INSTRUCTIONS TO FOLLOW:
Only the lines from the one that includes "Penthause de inchiriat" through the last line below belong in the reply, copied exactly and without pictures.

*** EXERCISE DATA Section Begins ***

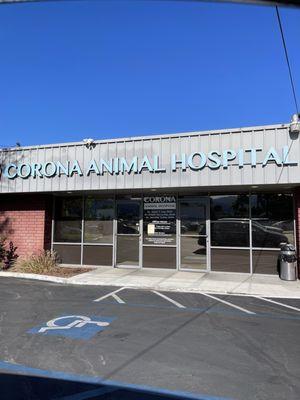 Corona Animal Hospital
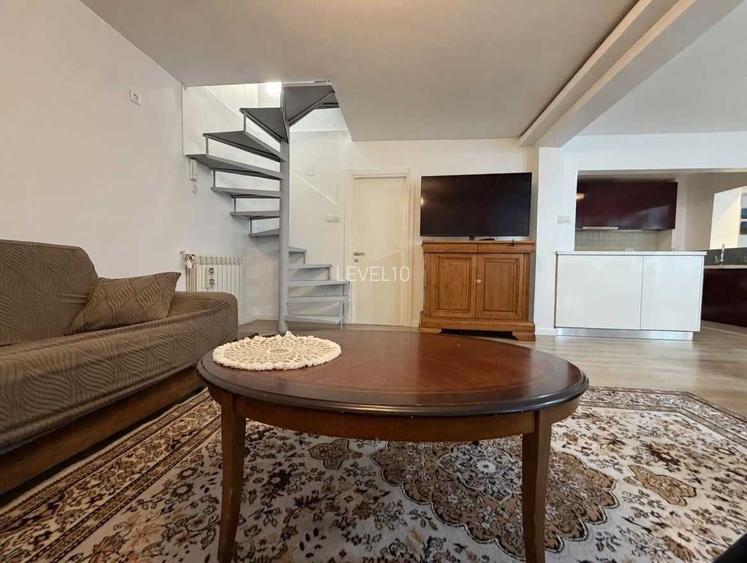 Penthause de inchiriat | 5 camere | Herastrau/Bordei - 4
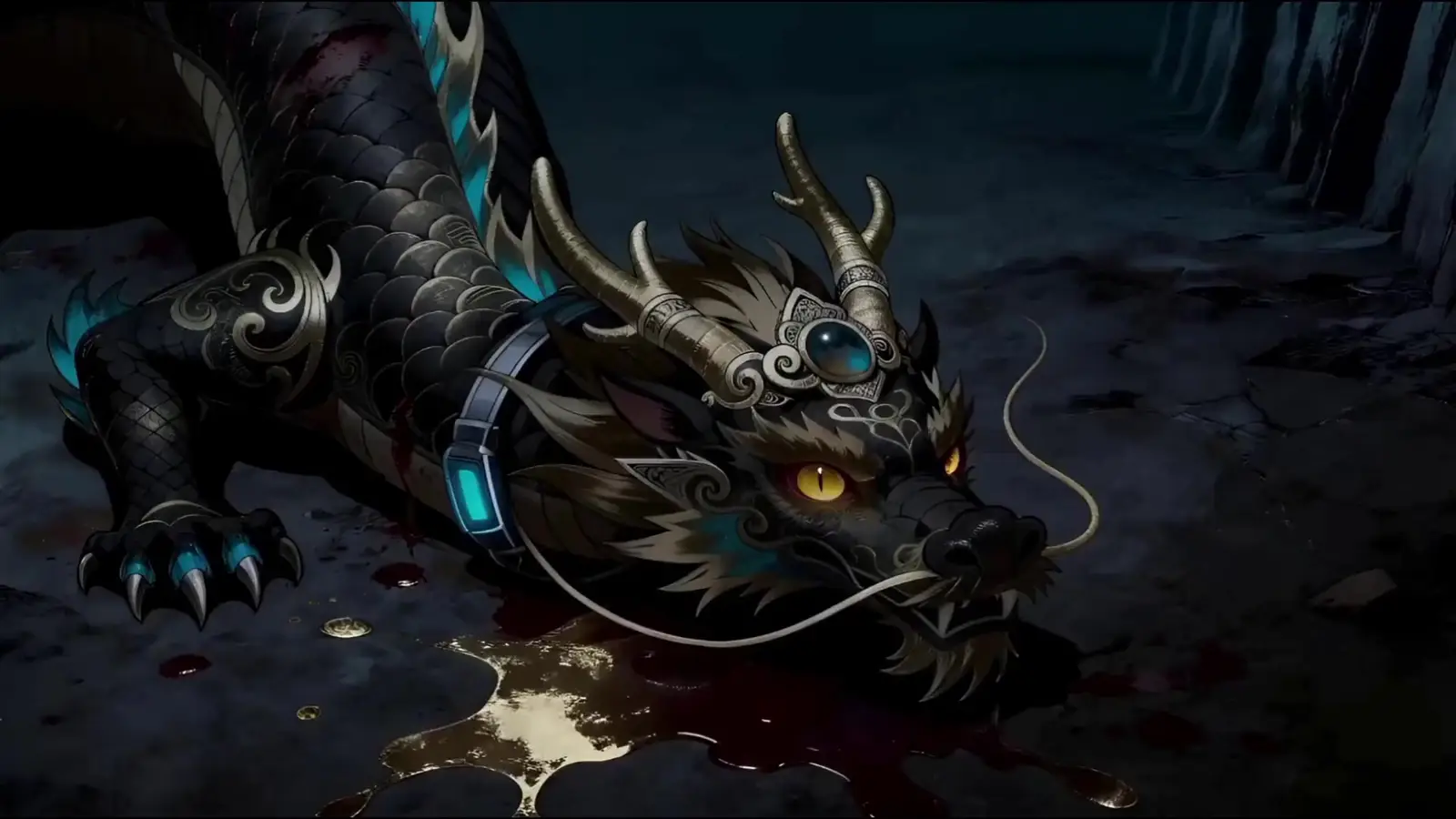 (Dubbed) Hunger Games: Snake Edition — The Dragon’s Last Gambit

*** EXERCISE DATA Section Ends ***

RESULT:
 Penthause de inchiriat | 5 camere | Herastrau/Bordei - 4
 (Dubbed) Hunger Games: Snake Edition — The Dragon’s Last Gambit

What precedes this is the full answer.